## Assignment
The lines to be extracted begin at the line containing "Sch Ne And Tauber" and end at the last line of the data below; copy them exactly and leave out the pictures.

## Records supplied
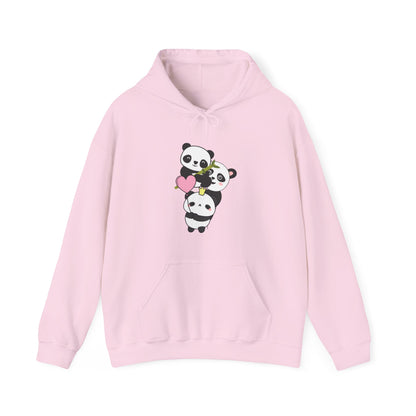 Panda Love Hoodie | Cozy Zip Panda  Apparel | True North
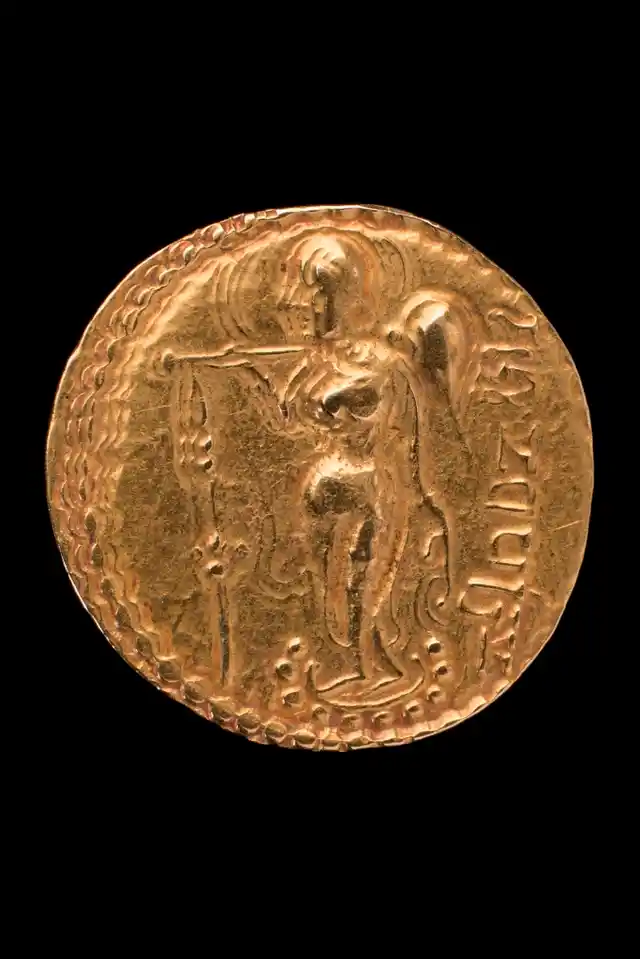Gupta dinar, Samudragupta Gold, about AD 335–80, Central India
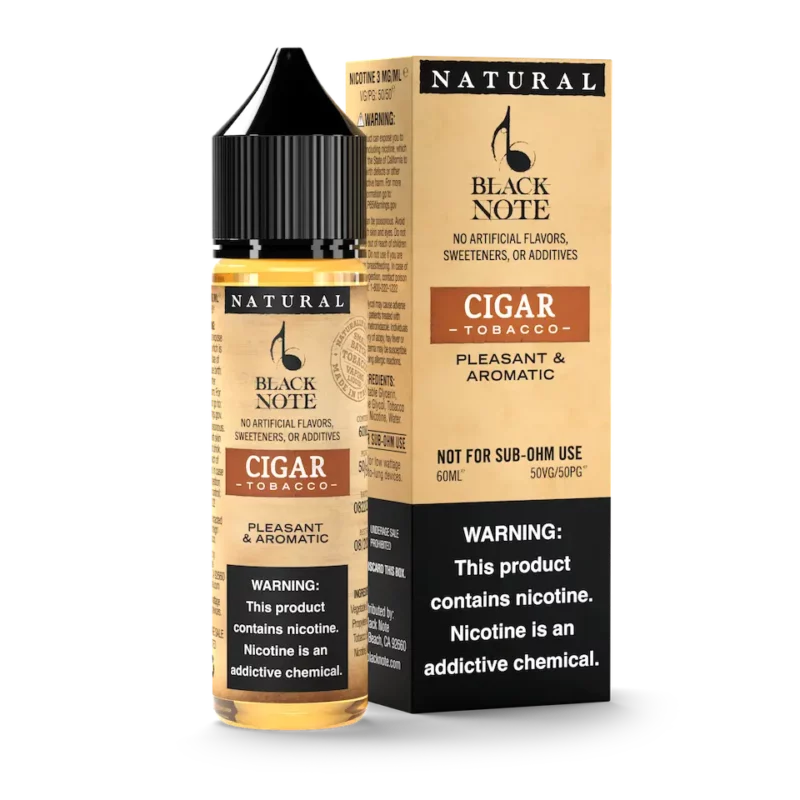 Black Note Cigar Blend 60ml 50-50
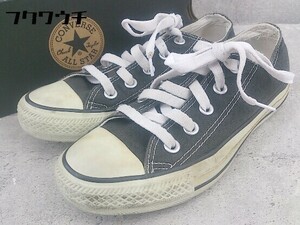 ◇ ◎ CONVERSE コンバース M9166 ALL STAR OX キャンバス オールスター スニーカー サイズ22ｃｍ ブラック レディース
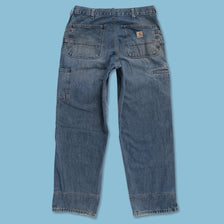 Vintage Carhartt Double Knee Denim Pants 34x32 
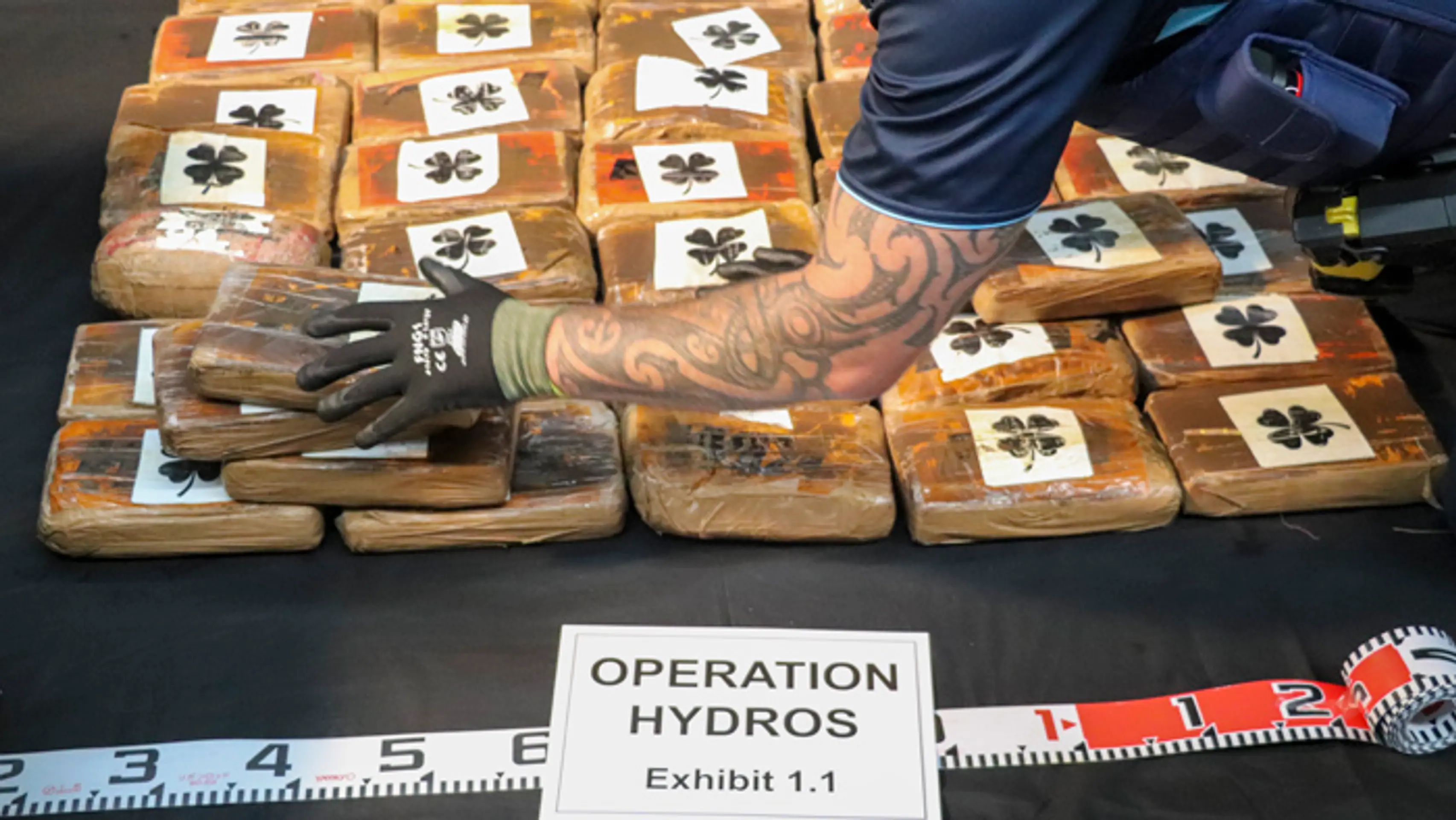 Novozélandská polícia objavila v Tichomn oceáne rekordné množstvo kokaínu.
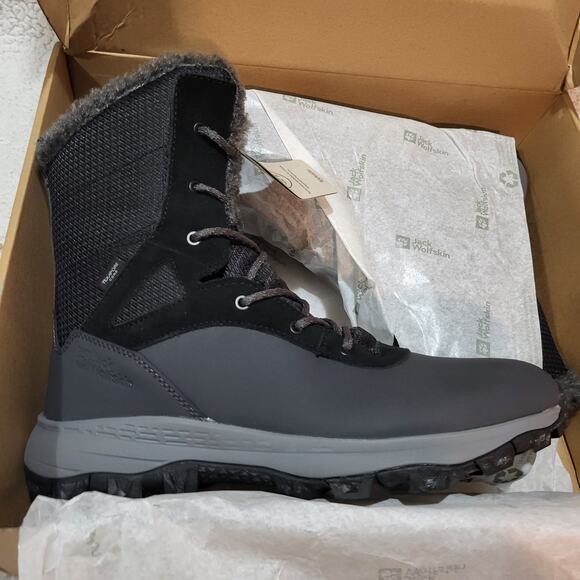 NEW Jack Wolfskin Women's WATERPROOF Backpacking Boot Phantom/Black SIZE 10 Wide - Picture 6 of 9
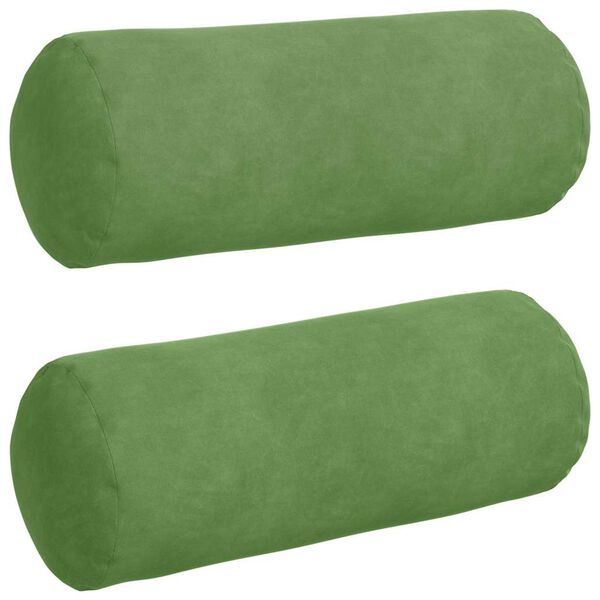vidaXL Almofadas de Apoio 2 pcs Verde Claro Ø 15 x 40 cm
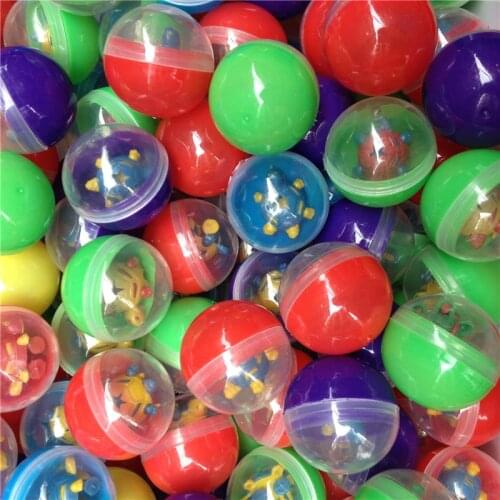 100 Pcs/ Bag The Capsules Ball With Toys 32mm Capsules Cover With mixed style beautiful toys for Toy Vending Vending Machine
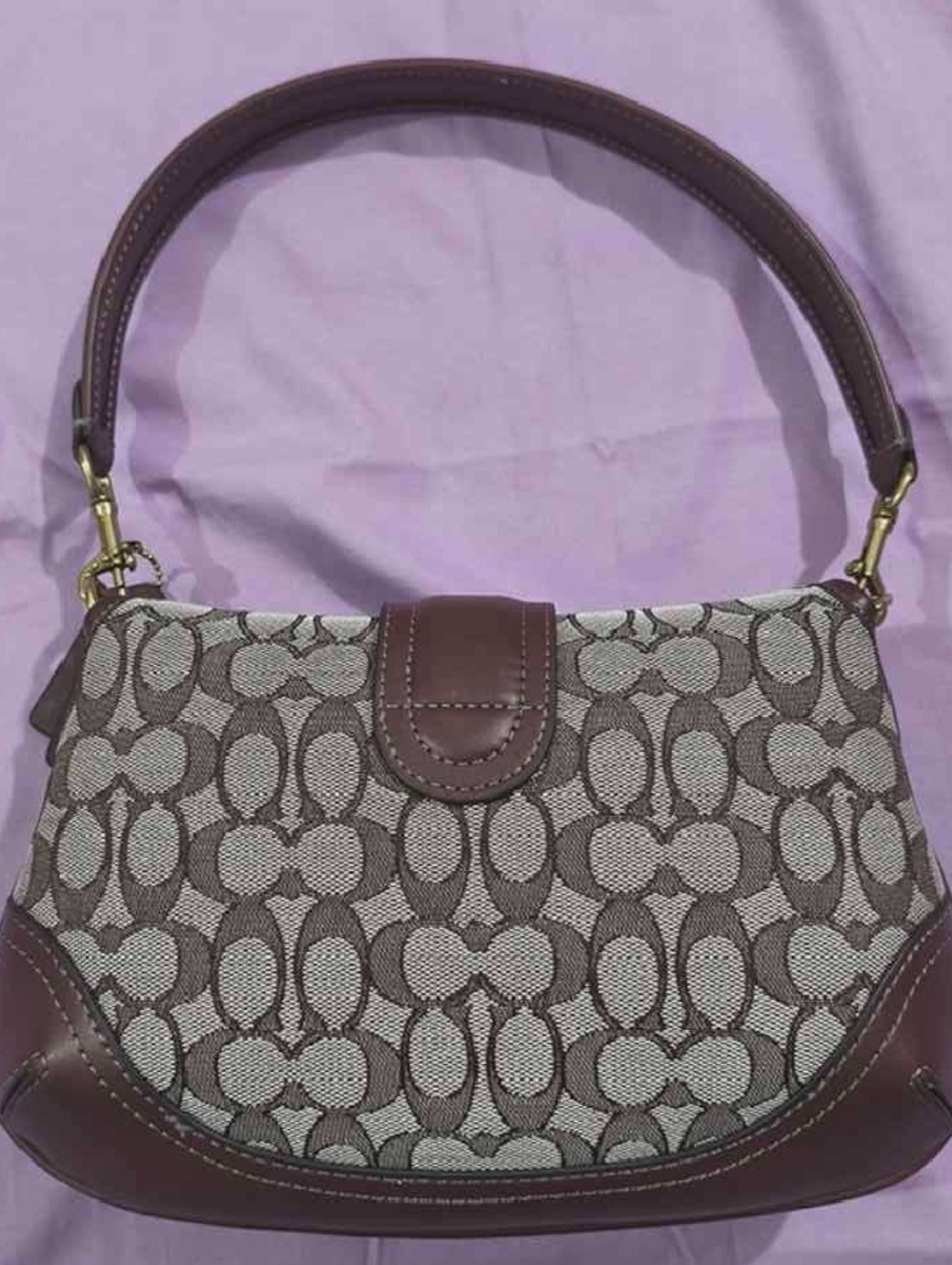 Coach Jacquard Vintage Underarm Bag - Picture 2 of 8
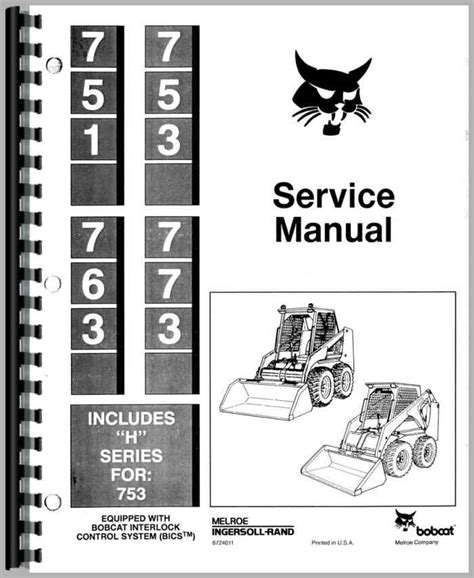 bobcat 753 service manual free Doc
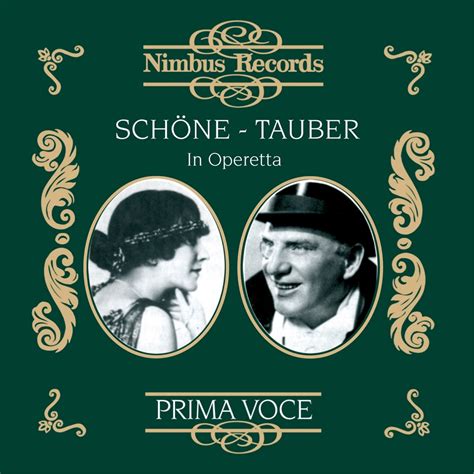 Sch Ne And Tauber In Operetta Album By Richard Tauber Lotte Sch Ne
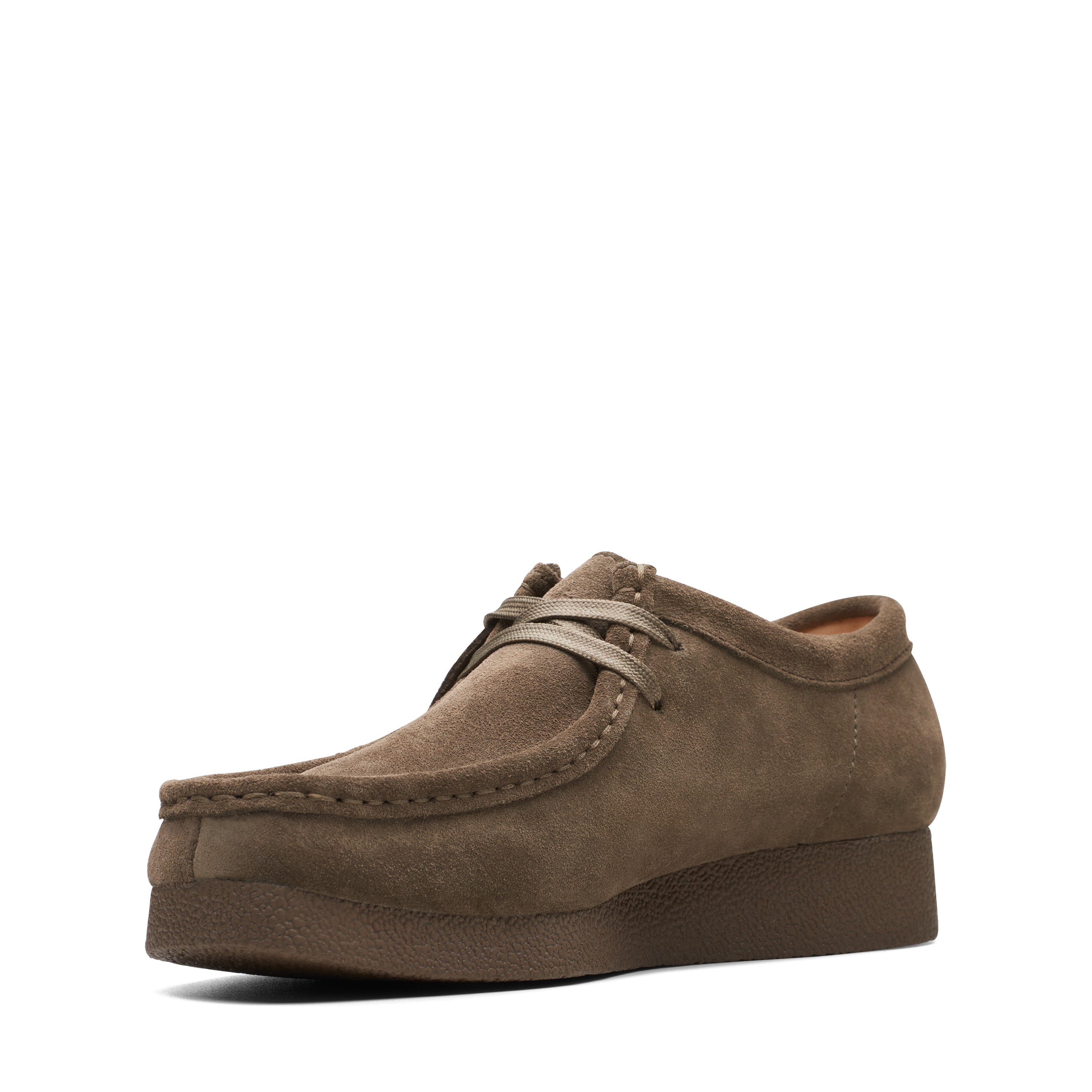 Wallabee Evosh ruskind sko - Olive Suede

## Solved exercise
 Sch Ne And Tauber In Operetta Album By Richard Tauber Lotte Sch Ne
 Wallabee Evosh ruskind sko - Olive Suede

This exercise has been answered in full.